Mariners GM Jack Zduriencik appeared on MLB Network's Hot Stove this morning and addressed the issue directly when asked by Rosenthal:
"We're at a point where I think we are trying to do a few more things. I'm not sure that anything is going to be a huge splash. We have some options out there that we can either make a trade or could add another piece to it. I think that if we go for another large deal, that obviously is going to have to go above my head. And at this moment we are where we are, and we're trying to make things work with what we have."
In addition to Cano, the Mariners have also added Corey Hart on a one-year deal, re-signed Franklin Gutierrez and acquired Logan Morrison from the Marlins in exchange for Carter Capps. However, the addition of Cano and Hart certainly wouldn't seem to be enough to fix a team that finished 12th in the American League with 624 runs scored.
The Mariners have been linked to big-name free agents such as Nelson Cruz, Shin-Soo Choo and Kendrys Morales, but each of those players figure to command a sizable payday that now could be beyond Seattle's financial capabilities.
Trading Jonathan Papelbon wouldn't solve much for the Phillies at this point, opines Corey Seidman of CSNPhilly.com. Seidman runs down a possible scenario in which the Phillies ate $6MM to move Papelbon, noting that GM Ruben Amaro Jr. would then still try to sign a replacement. Names like Grant Balfour and Joaquin Benoit could cost upwards of $10MM per season anyhow, meaning the Phillies may not even save much money should that scenario play out. Papelbon will have more value to teams at the trade deadline when fewer quality options are available, writes Seidman. Here's more from the NL East...

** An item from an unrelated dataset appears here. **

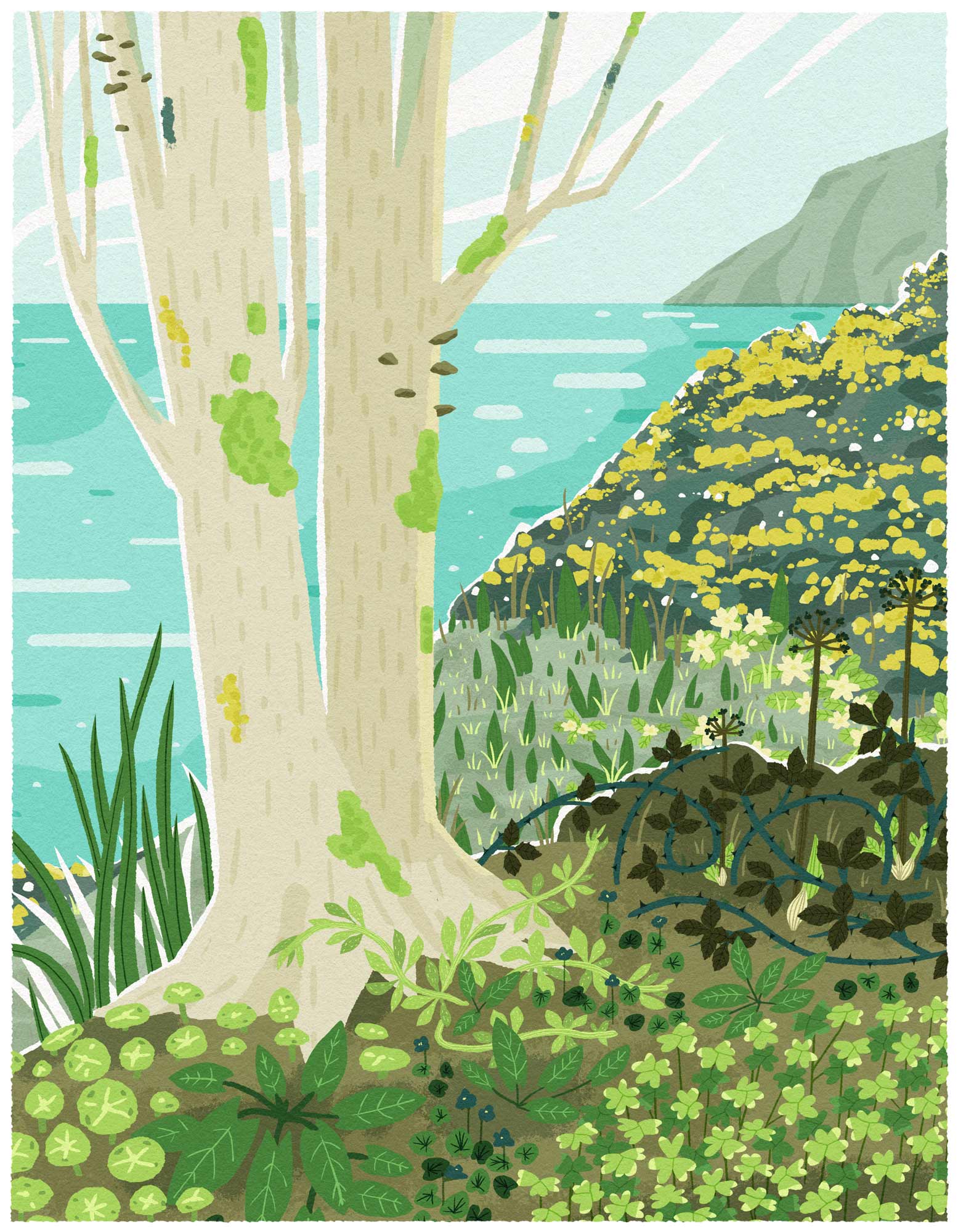 Illustration of a coastal woodland scene with edible forage plants by Elly Jahnz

- David O'Brien of the Atlanta Journal-Constitution tweets that the Braves have approached some of their young stars about extensions over the past two years but felt they'd have to overpay to get something done.
- O'Brien also runs down the Braves needs on the heels of a quiet Winter Meetings, noting that they're optimistic about re-signing Eric O'Flaherty. Atlanta is still pursuing a veteran bench bat -- O'Brien mentions Eric Chavez -- and are still interested in Jeff Samardzija. The Braves may be considered the favorites to land Samardzija at this point, says O'Brien, noting that payroll constraints will likely preclude them from pursuing David Price.
- After adding to their rotation, bench and bullpen, the Nationals will now turn their focus to extending Ian Desmond and Jordan Zimmermann, writes Adam Kilgore of the Washington Post. Should the Nats be unable to extend Zimmermann, they may be forced to consider trading him this time next season, one source told Kilgore.
- Nate McLouth spoke to former teammate Adam LaRoche (whom he called one of his favorite teammates ever) and asked what the Nationals clubhouse was like before deciding to sign there, writes Dan Connolly of the Baltimore Sun. McLouth doesn't hold ill will toward the Orioles for not retaining him.